Non-Performance Art: Ugo Rondinone Fills the Rockbund Art Museum with Sleeping Clowns
Ugo Rondinone’s exhibition “Breathe, Walk, Die” is very much informed by the unusual structure it inhabits. Set near Shanghai’s Huangpu River, the Rockbund Art Museum is a six-story, art deco building, originally constructed for the Royal Asiatic Society in the 1930s. It’s tall and narrow, with galleries separated by a steep staircase that is best climbed with the help of the wrought iron railings. But instead of treating the museum’s floors as distinct spaces, the Swiss-born, New York-based artist has used the building’s verticality to create one coherent installation—what could be summed up as a museum-sized core sample extracted from a rainbow.

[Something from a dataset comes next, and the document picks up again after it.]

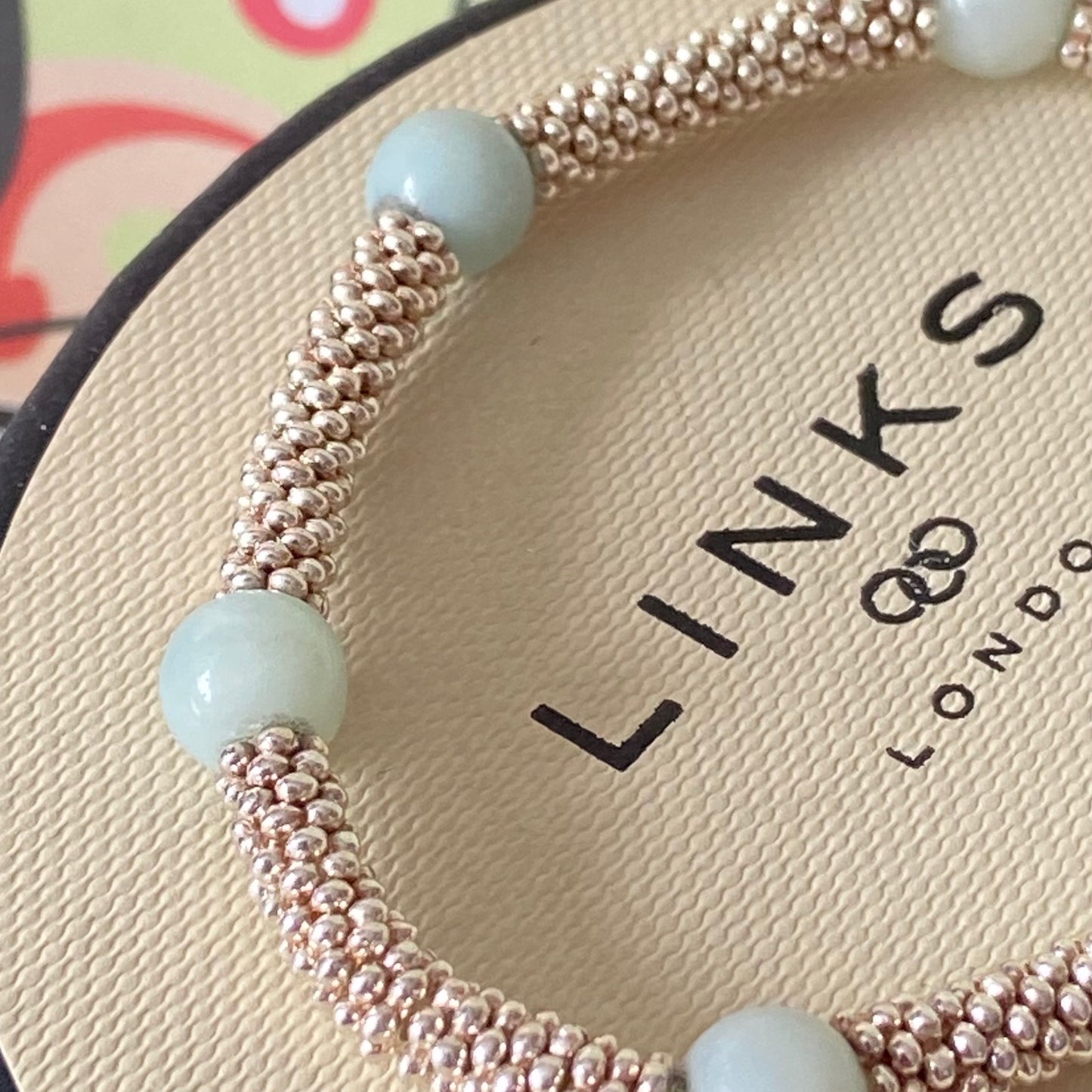 Links of London Authentic Sterling Silver Effervescence XS sweetie rings Bracelet with Amazonite - 17cm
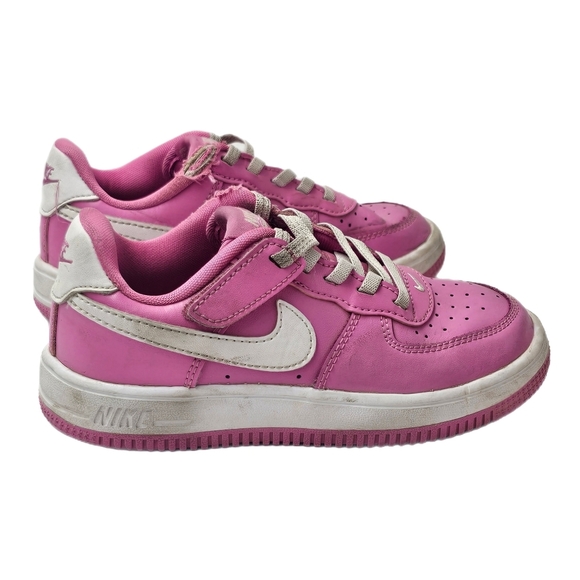 Nike Other - Nike Force 1 Low EasyOn Kids 11.5C Playful Pink White FlyEase Hook Loop Strap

The interior walls of the museum are painted in super-smooth gradient tones of spray paint—created using just three colors per floor, transitioning from cool to warm like the progression from the center to the outside of a rainbow. Colored plastic sheets take the place of windowpanes, tinting the light that enters the gallery to match the wall color. A full spectrum of light is also seen in the circular target paintings on the walls, composed of blurred rings of color, as well as in the outfits of 40 live clowns that inhabit the exhibition. Rondinone took inspiration for their glorious costumes from a Google image search, resulting in a chaotic combination of hues, tones, and textures. Each dons a mask, custom-made to fit his or her face, completely covering their eyes to prevent them from inadvertently making eye contact. This is non-performance art; Rondinone has instructed the clowns not to interact with visitors. Instead, they sleep or quietly meditate. Padding is built into the clowns’ outfits to keep them comfortable, an important detail given that they will inhabit the museum, working in shifts, from open to close for the four-month duration of the exhibition.

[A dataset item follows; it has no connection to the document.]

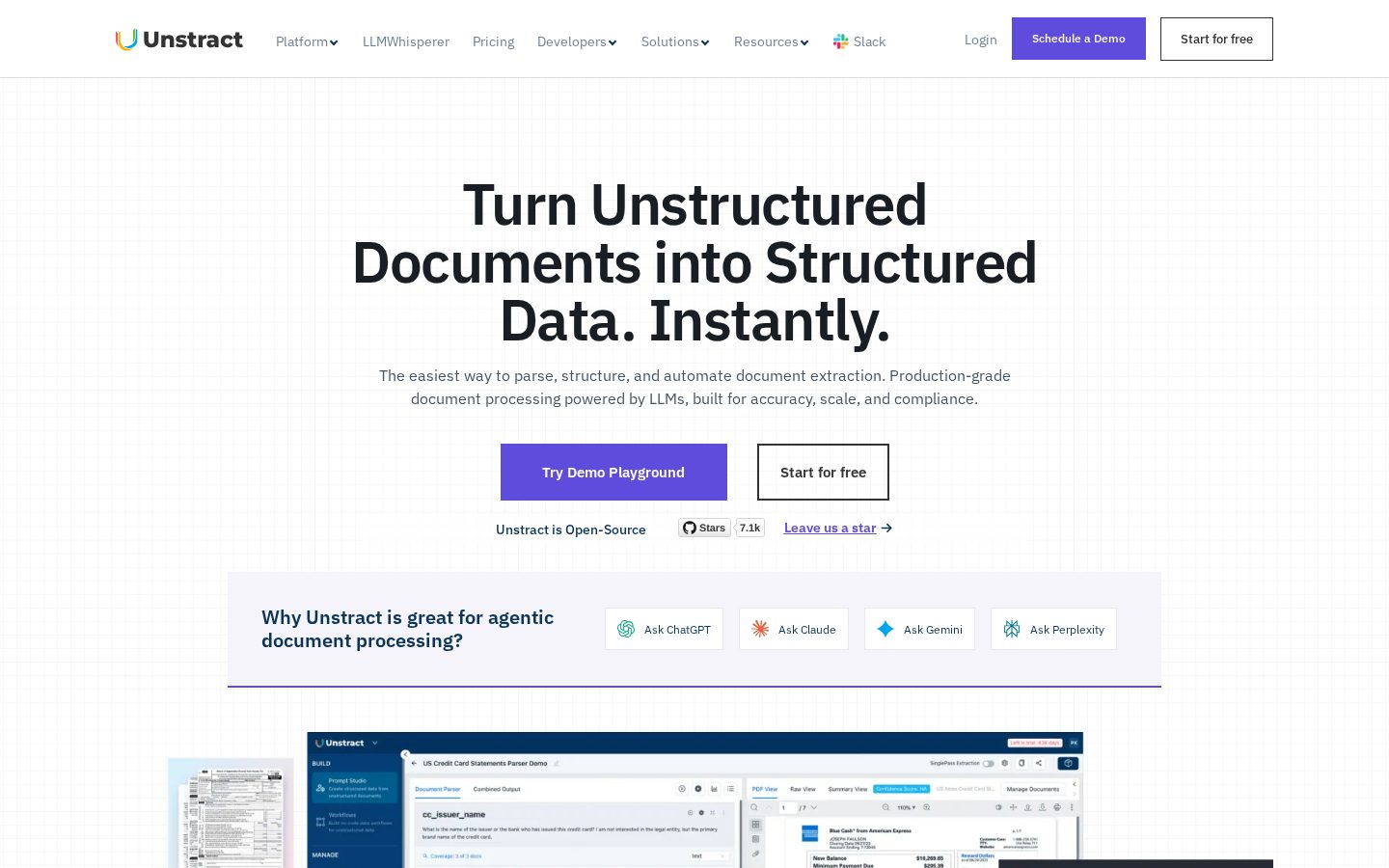 Unstract Homepage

“Breathe, Walk, Die” is partly inspired by Rondinone’s relationship with the beat poet John Giorno, but not because of the rainbow’s place in the gay rights movement. Giorno is a Buddhist, and Rondinone has said the exhibition title is a description of life excised of worldly anxieties and ambitions.
In a period optimistically described as “late capitalism,” we tend to ask each other what we do, not who we are. In this show, the emphasis is on being, instead of doing. For the clowns, most of whom were found through local talent agents, doing nothing—not even checking their cell phones—may prove very difficult indeed.
“Ugo Rondinone: Breathe, Walk, Die” is on view at the Rockbund Art Museum in Shanghai through January 4, 2015.